Opening to grace is an action, a verb, like loving. Christian faith is not a set of beliefs; it is a way, an action. Christian faith contains a variety of sets of beliefs, tenants and stories, but as Jesus said, it can all be boiled down to the Shema: Love the Lord your God with all your heart, your mind, your strength and your soul, and love your neighbour as yourself: an action, or practice.

The Sundays of September through to Thanksgiving, in many United churches, is called the Season of Creation. Last week, we looked at pictures of some of the world’s most amazing trees (Google the world’s seven most amazing trees). These pictures are an appreciation of God’s world and begs the question, “ How tenaciously do we hold onto core values of life?”

The Quaking aspen in Utah, named Pando, has a root system that spans 100 acres and shoots up a forest of trees to form the world’s heaviest organism. The celebrated Montezuma Cypress in Oaxaca, Mexico, is believed to be 2,000 years old. The “Tree of Life” which 100 miles off in the desert all by itself, sends its roots hundreds of feet down to aquifers deep in the Earth.

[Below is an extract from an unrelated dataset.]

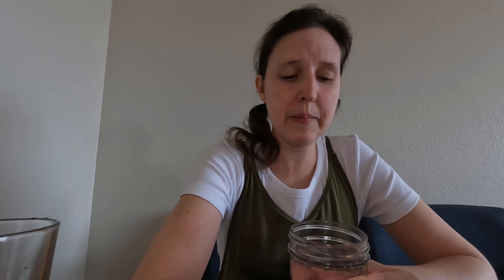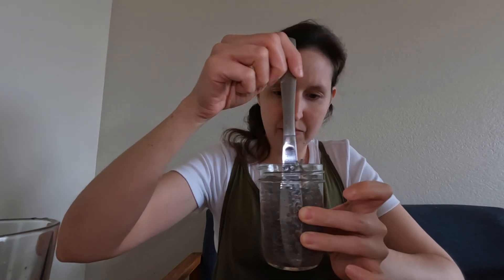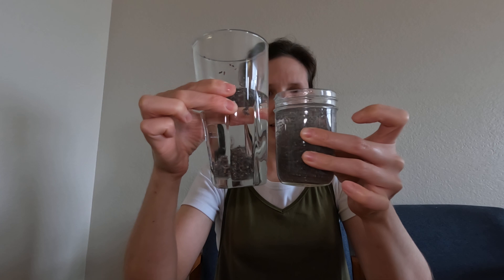I think it's best to let it sit for a while. This cup's been sitting for about five minutes and you can see the difference between the two once it sits.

The persistent and peculiar nature of the growth of various trees can guide us to some of the same meditations as we read in Genesis about being “kin” with all creation. Do we realize our neighbours’ health is connected with ours? Much of the scriptures state that we are "born to search for God,” or to stand in awe of the mystery of life.

Consider the parable of the Tree of Tenere, which died in 1973, a 10-foot acacia estimated to be more than 300 years old. This one tree survived in the desert long after its whole forest of sister trees was buried by desert sands, and 250 miles from any other tree it was struck down by a drunk driver!

Trees reach to the light; they sip all the nurture and goodness around them. There is much to contemplate and learn from trees, from their growth, their sway, their presence, their survival and demise. The growth of trees seems like a seeking of spirit. Do we seek spirit? Or are we careless about how we grow and learn?

Christians muse about being “born of water and the spirit”. What shift would happen in the world if all people, in their moment-to-moment relationships, indulged in a clear recognition of interdependence with trees and all creation? Would we value more what we make from them? Would we use less stuff and recycle more? Would we value all life? Did you and your children talk about or participate in the Climate Change March?

This reflective emphasis on creation in worship is meant to help us shift. How do creation and humans sustain one another? In the church, we allow ourselves to be taught by and incorporate the patterns of nature because we accept that God, “Godness” or goodness is in all things.

We breathe; breathe out; give thanks.

We sing together, words like, “Each icy peak, every patterned shell, the joyous chorus that the dawn foretells, make full the circle of God. Each cosmic hue, every creature’s way, all form the beauty of his vast array, making full the circle of God.”

Go meditate on a tree, touch a tree and consider how we might better respect all of life. An all-encompassing love is what God is about.

Rev. Shelley Stickel-Miles is pastor of Creston’s Trinity United Church.